The authority told the commission that to have made any meaningful difference to the outcome for HIH's policy holders, it would have been necessary for there to have been intervention in HIH's affairs as early as mid-1999.  Given what had happened to the regulator and regulation, the policyholders never stood a chance of any such action being taken.

 

Harsh words but advisers avoid court

By Elisabeth Sexton
April 17 2003

http://www.smh.com.au/articles/2003/04/16/1050172656674.html

No recommendations for court action against the professional advisers to HIH and FAI have been made, but the bankers and lawyers do not emerge unscathed from the royal commission.

It was "regrettable" that when investment bank Goldman Sachs Australia was appointed to advise the FAI board about HIH's takeover bid in September 1998, it did not reveal that it had already spent considerable time analysing the insurer's finances on its own account, said Justice Neville Owen.

In closing submissions in January, counsel assisting the commission said Goldman had failed in its legal and ethical duties by not disclosing its earlier work to FAI's directors.

The judge did not repeat that view yesterday, but said it would have been "of assistance" if the FAI directors had known that Goldman had decided against investing its own money in FAI.

"Such information should have been revealed to the FAI board by a financial or corporate adviser like Goldman because it would have assisted the directors to decide whether to appoint Goldman as their financial adviser on the takeover," the judge said.

The then chairman of Goldman, Malcolm Turnbull, gave evidence that he relied on the word of FAI chief executive Rodney Adler that the board had been informed about Goldman's work.

This was not unreasonable, the judge said, although "it would have been preferable for Turnbull to have personally and directly verified that the non-executive directors of FAI were fully aware" of the work.

HIH's financial adviser Deutsche Bank was criticised for its advice in late 2000 on HIH's sale of much of its business to rival insurer Allianz.

Deutsche director Colin Richardson "failed to ensure that the board had all relevant facts and issues relating to the transaction before its consideration", the judge said.

Mr Richardson gave evidence that Deutsche was not retained to give "comprehensive" advice, but the report said this was inconsistent with the work carried out, the expectations of the board and the magnitude of the fee.

The judge found it "surprising" that in late 2000 HIH's longstanding lawyers Minter Ellison agreed to advise HIH about HIH's transfer of $10 million into an investment trust run by Mr Adler, a director of HIH. In June 2000 the firm had advised Mr Adler in relation to the trust.

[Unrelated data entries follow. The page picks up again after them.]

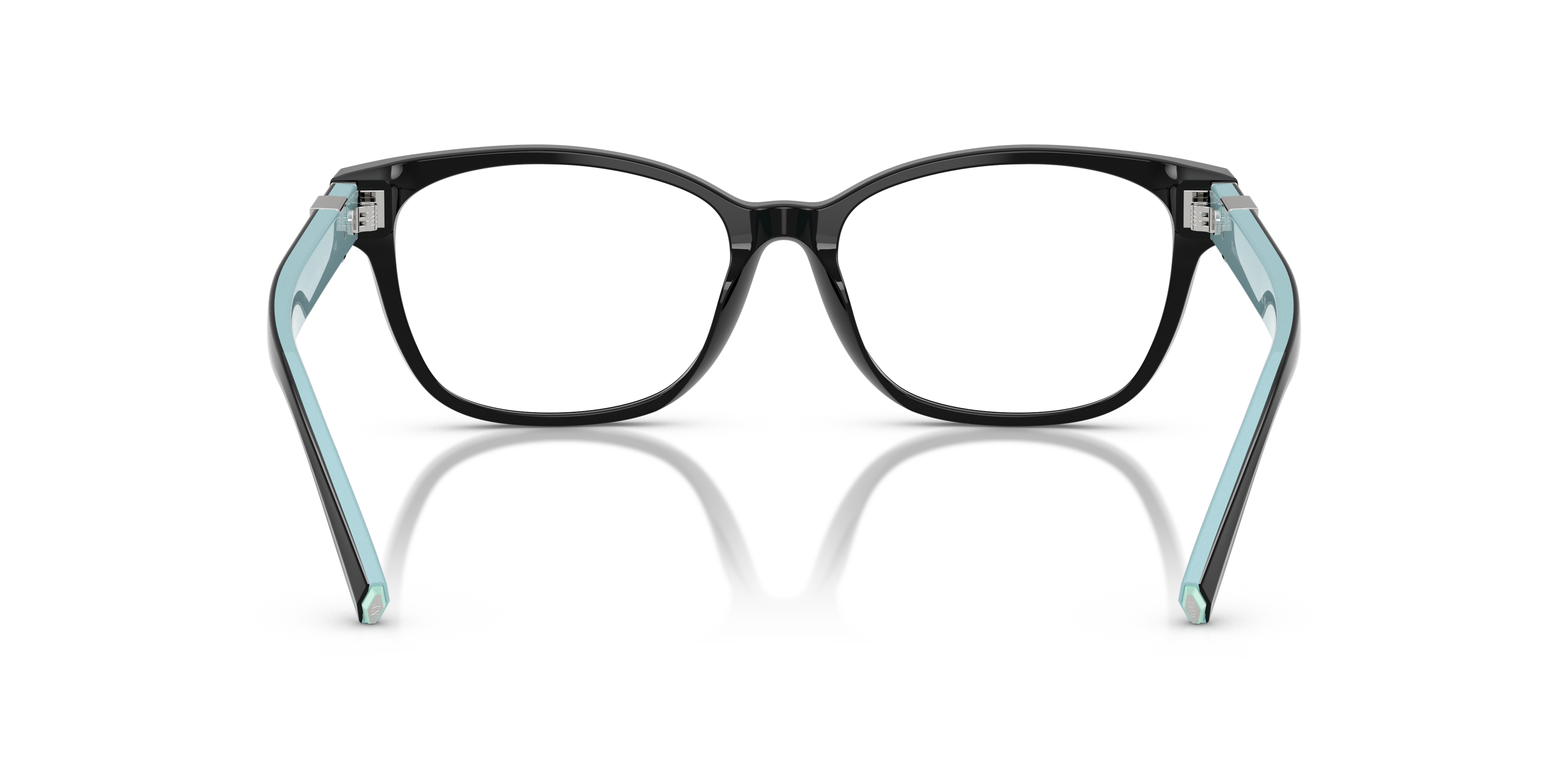 TIFFANY TF2270B 8001 55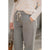 Everyday Drawstring Pants - Betsey's Boutique Shop - Pants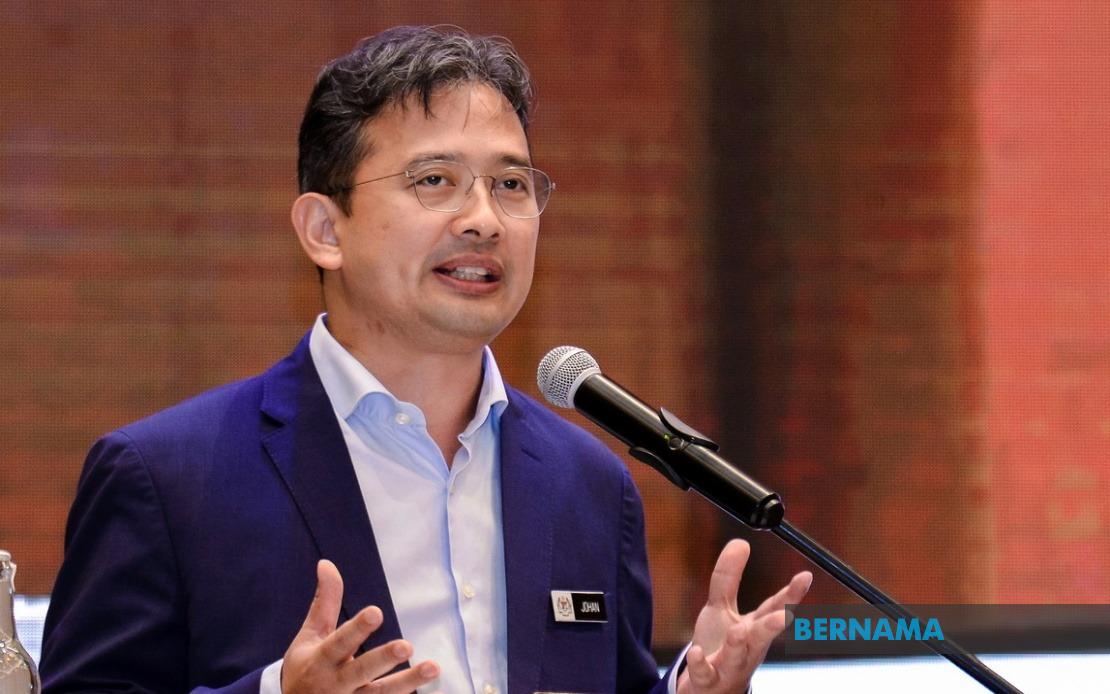 Nearly 200,000 Diesel Vehicle Owners Tap BUDI Subsidy in Opening Week
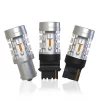 Amber DRL Turn Signal (1)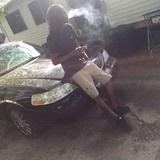 Nacehaynesz9 from Fremont | Man | 34 years old | Aquarius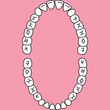 Second teeth1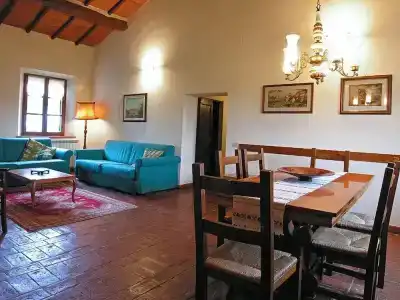 Poggio del Sole - 1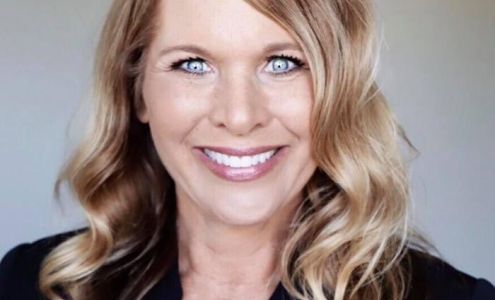 American National Insurance Co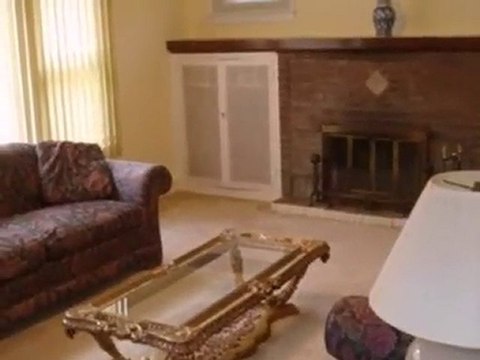 Homes for Sale - 10827 S Normal Ave - Chicago, IL 60628 - Co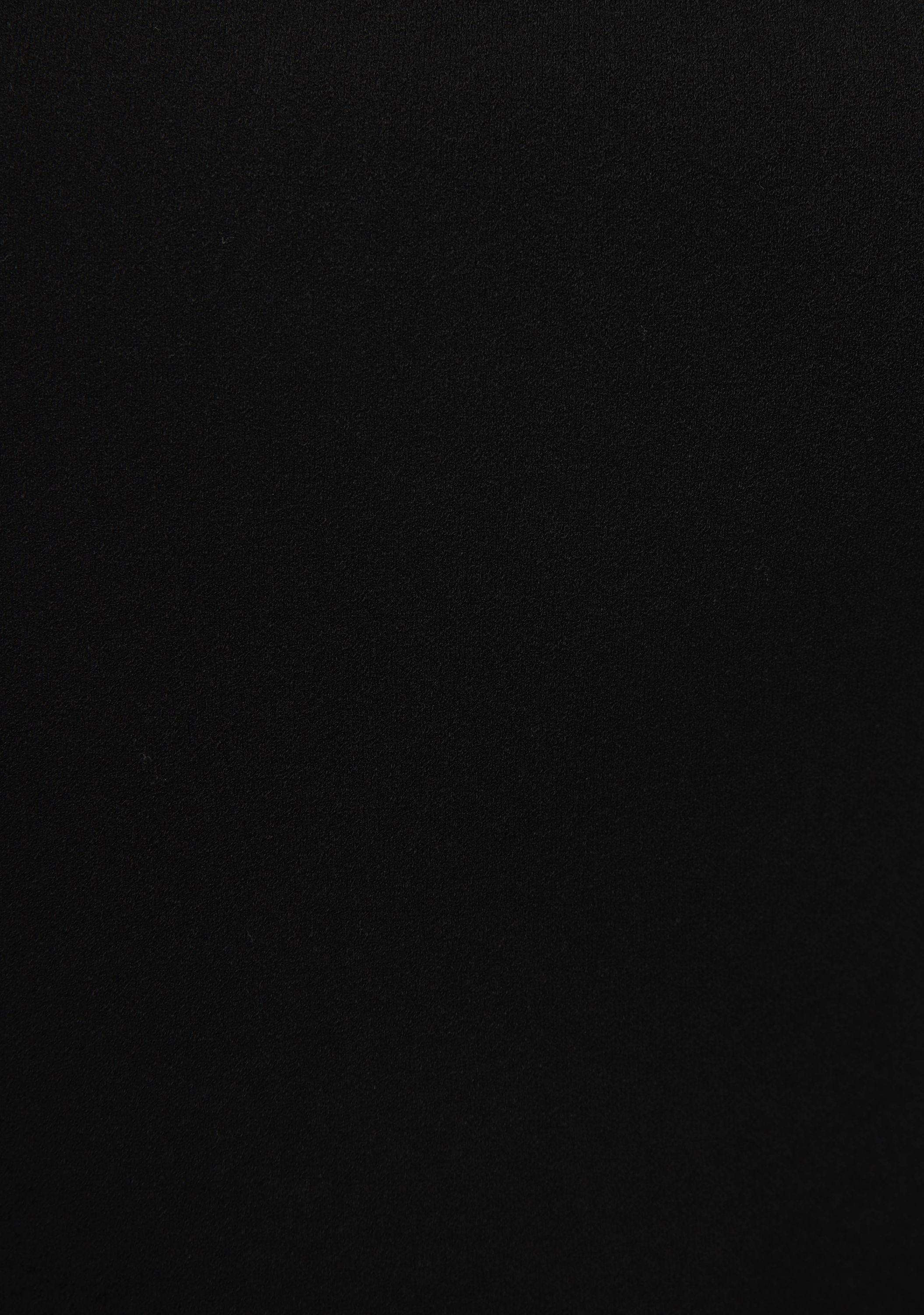 FREEBIRD JUMPSUIT FREEBIRD JUMPSUIT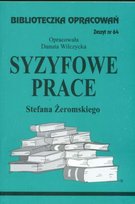Syzyfowe prace Opracowanie zbiorowe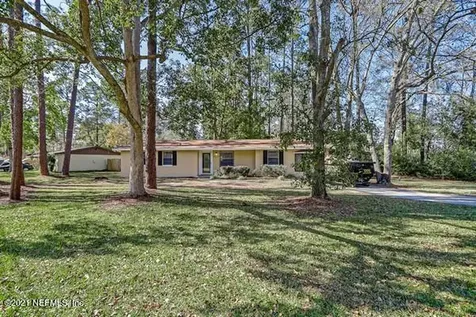5950 Ortega Farms Boulevard Jacksonville FL 32244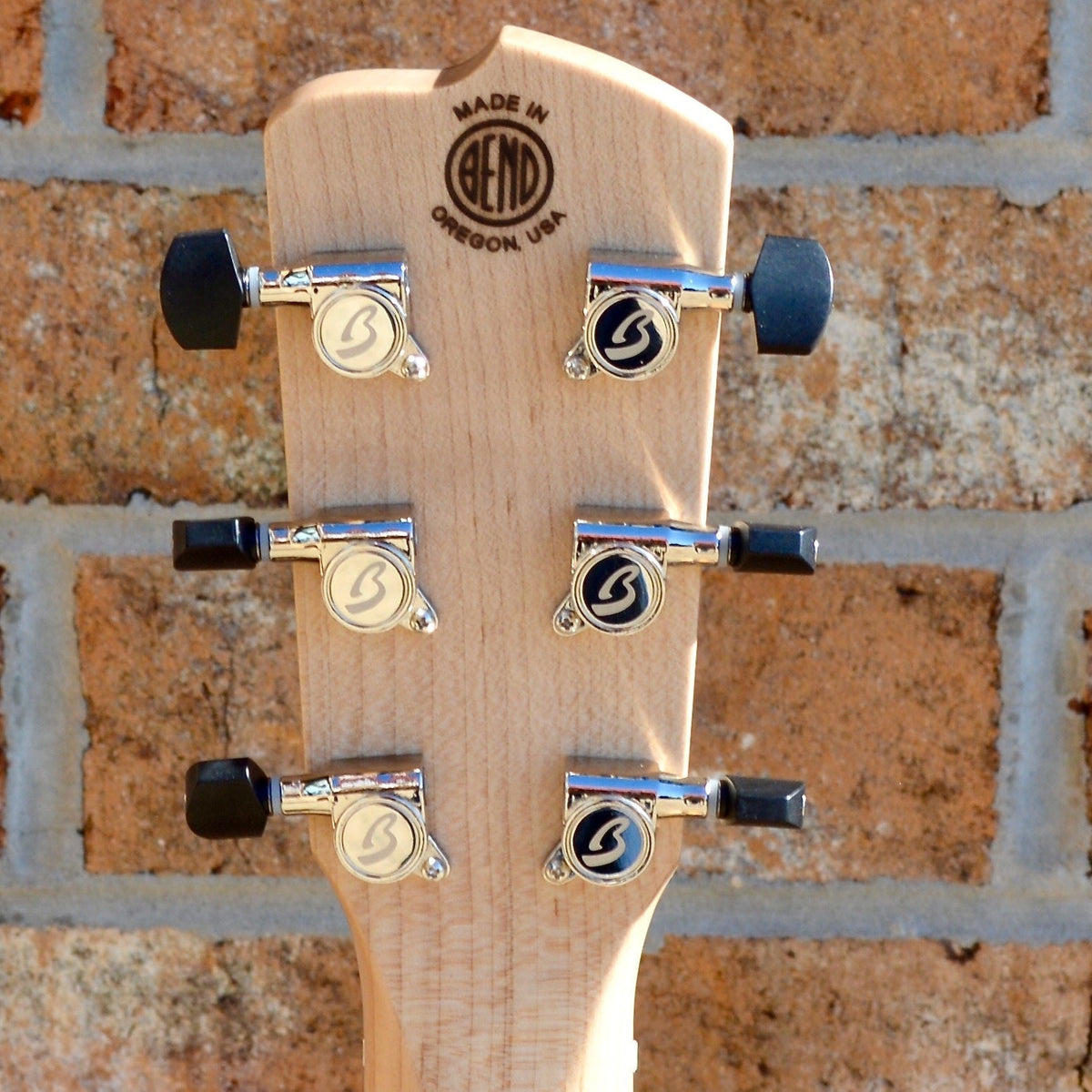 Breedlove Oregon Concerto CE Myrtlewood/Myrtlewood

"The potential for a conflict of interest was obvious," said Justice Owen, and accepting the work was "inappropriate" without clear disclosure of the firm's previous involvement.

He rejected the explanation given by Minter partner Leigh Brown that rather than a conflict there was a "mutuality of interest" between HIH and Mr Adler that the trust's structure be legal.

"The existence of a conflict does not depend upon what the parties want," the judge said.

In relation to Blake Dawson Waldron, which replaced Minter as HIH's chief legal adviser in January 2001, the judge concluded there was "no legitimate basis" for receiving a $1 million fee the day before HIH collapsed.

In closing submissions, counsel assisting recommended referring the matter to the corporate watchdog.

The judge did not do so, but said it was "disappointing that lawyers were among those involved in what I call the 'dash for cash' in the days leading up to March 15, 2001".  Blake Dawson Waldron repaid the sum in October 2002.